Lo faceva pestando forte i piedi come se marciasse, con le spalle larghe un po’ curve in avanti e le braccia piegate, aperte sui fianchi, come se dovesse trattenere la spinta di una folla e al tempo stesso assecondarne la potenza. Quando camminava, il capomanipolo Mazzarino sentiva alle sue spalle il fiato di migliaia e migliaia di camicie nere, sentiva sulla schiena il frusciare delle frange argentate dei gagliardetti, percepiva con la coda dell'occhio il biancheggiare dei teschi e delle ossa ricamati sulla stoffa nera. Nei fianchi, a premerlo, aveva i manganelli e i manici dei pugnali degli squadristi, e nelle orecchie il rombo cadenzato della fanfara, le trombe e la grancassa e i tamburi e le suole degli stivali della Milizia. Quando camminava, il capomanipolo Mazzarino sapeva di non essere solo e lo faceva come se fosse alla testa di una colonna, deciso e massiccio come uno che sappia con certezza da dove viene e dove sta andando […] Era nato in un posto in cui non si veniva e non si andava da nessuna parte. Un monte in mezzo agli Appennini, un podere sconnesso, scavato in un bosco di alberi neri che l’altitudine faceva nascere corti e tarchiati, come lui e i suoi sedici fratelli. A parte la sorella più anziana, rimasta a casa ad aiutare la madre, le donne erano forse le uniche che andavano da qualche parte, perché compiuti i tredici anni il padre le mandava a servizio nei paesi più bassi o in città. I maschi, invece, restavano lì a spaccare una terra che non dava niente, ad allevare pecore irsute come capre, a raccogliere castagne, catturare muli selvatici e cacciare cinghiali. Così era Mazzarino e così erano tutti i suoi fratelli e le sorelle, la mascella sempre un po’ sporta in avanti, a respirare sibilando tra i denti e grugnire mezze parole ruvide e strette, in dialetto montanaro, il naso schiacciato sulle labbra, con le narici larghe, ad annusare l'aria come i cinghiali, tarchiati, irsuti e neri come loro».

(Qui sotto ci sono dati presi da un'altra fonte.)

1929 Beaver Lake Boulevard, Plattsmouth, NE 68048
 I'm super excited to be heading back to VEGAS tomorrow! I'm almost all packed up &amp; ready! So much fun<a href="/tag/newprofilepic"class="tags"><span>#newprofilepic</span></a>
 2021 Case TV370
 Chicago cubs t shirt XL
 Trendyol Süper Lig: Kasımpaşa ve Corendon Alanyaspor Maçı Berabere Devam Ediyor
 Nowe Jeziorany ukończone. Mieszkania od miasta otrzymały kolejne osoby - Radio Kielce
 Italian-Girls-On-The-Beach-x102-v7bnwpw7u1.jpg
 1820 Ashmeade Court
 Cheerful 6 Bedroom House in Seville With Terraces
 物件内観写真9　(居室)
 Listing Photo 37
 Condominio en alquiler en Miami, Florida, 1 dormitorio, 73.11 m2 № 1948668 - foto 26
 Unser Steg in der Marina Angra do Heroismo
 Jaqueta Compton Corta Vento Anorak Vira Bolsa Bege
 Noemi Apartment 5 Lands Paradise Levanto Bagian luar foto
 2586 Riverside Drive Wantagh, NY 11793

Pregevole è inoltre il recupero del linguaggio dei miliziani e delle camice nere, personificate in Mazzarino. Una delle ricchezze di questo romanzo giallo sta proprio nell’attenzione a recuperare il linguaggio dei miliziani e delle camice nere di allora. Come automi, credono obbediscono e combattono, sebbene si trovino in un’isola abbandonata da dio e dal loro duce. Una lingua miserabile, quella dei loro dialoghi, convenzionale e spenta. Un esercito dalle convinzioni artefatte e dallo spirito alienato al volere di un solo individuo.
Come recita il dorso della copertina del volume la conclusione della vicenda dà luogo ad una «...verità inaudita, feroce e diabolica come l'isola che l'ha generata: l'Isola dell'Angelo Caduto, un luogo dove soffiano tutti i venti, dove le stagioni coesistono, dove la nebbia è nera, un luogo dimenticato da Dio, tanto piccolo da ricordare il mondo».